As Dyaln Mathews says there are two problems with this one moral, one economic.
It's surprising that Sanders still buys into the fallacy that Mexicans and other immigrants will take all our jobs.
As economist Michael Clemens once told me, the effect of immigration on real wages for native workers is "definitely positive, without any doubt whatsoever." A recentevidence review by researcher David Roodman confirms this: While low-skilled immigration can make the existing low-skilled immigrant population worse off (though almost certainly not worse off than in their country of origin), Americans born here have very little to worry about, and a lot to gain.

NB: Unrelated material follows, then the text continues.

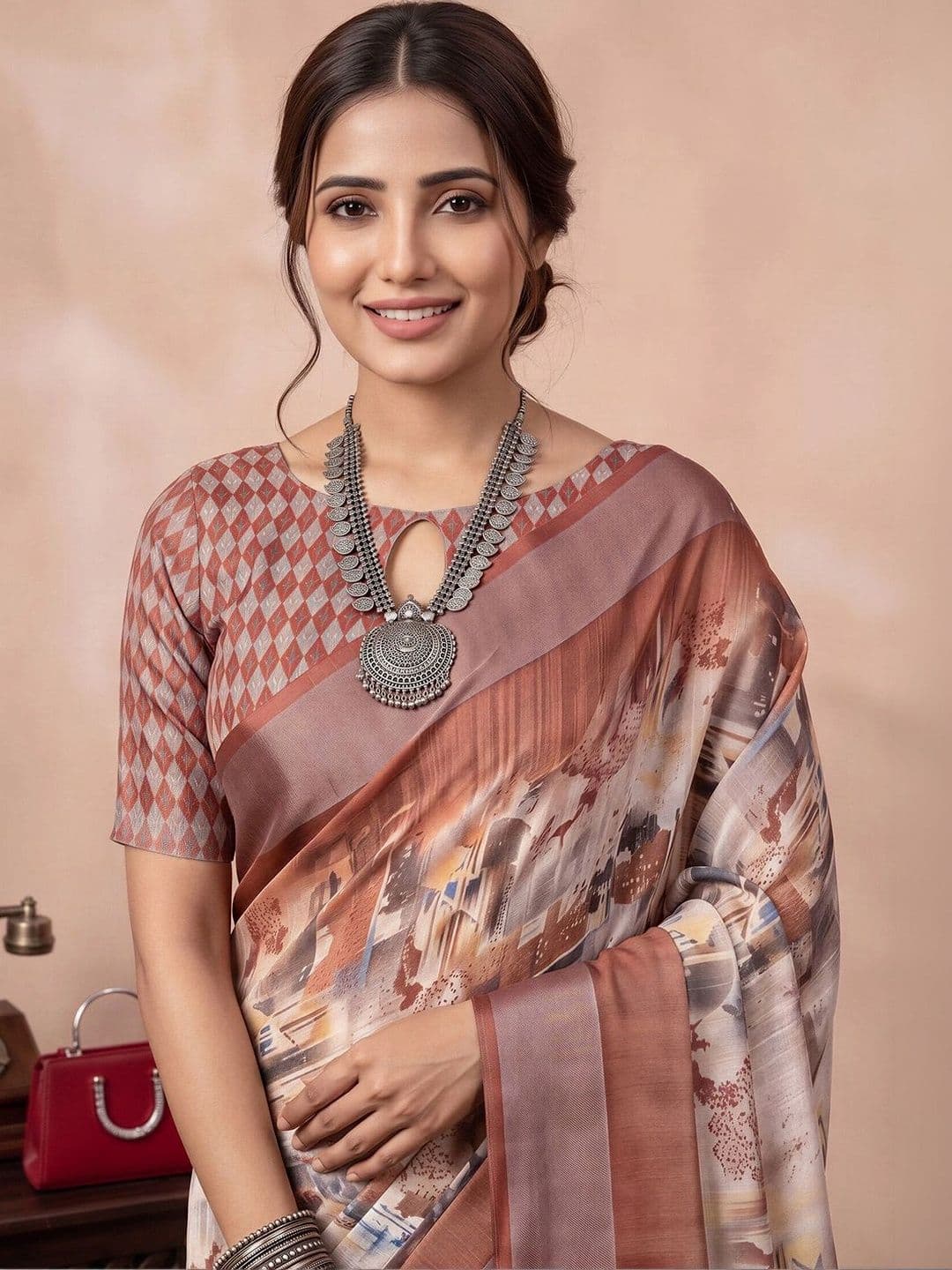 Anouk Zari Linen Blend Designer Saree thumbnail 4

"It's true that all of our empirical research pertains to increases in immigration that are milder than pure open borders. The best we have to go on in guessing the effects of a total open-border policy are simulations. But those simulations show an increase in world GDP massive enough that it's fair to guess they'll hold harmless or help US workers — just as the data suggests smaller-scale immigration does. "This isn’t just trickle-down economics. It’s Niagara Falls economics," economist Bryan Caplan once told me. "If production in the world were to double, almost everyone is going to get enough of that doubling that they’re going to, in the end, be better off as a result."
"If Bernie Sanders thinks we ought to give strict priority to the interests of immigrants already in the United States, even if doing so makes native-born workers and potential migrants worse off, then that's a very interesting opinion that I'd love to hear him attempt to defend. But the claim that American-born workers would suffer from open borders and increased immigration is bogus, and he should stop making it."
It's not surprising that he has not caught on among Hispanic voters.
P.S. For a Bernie maniac an unimportant issue is one that he's weak on. Like immigration, gun control, and racial issues.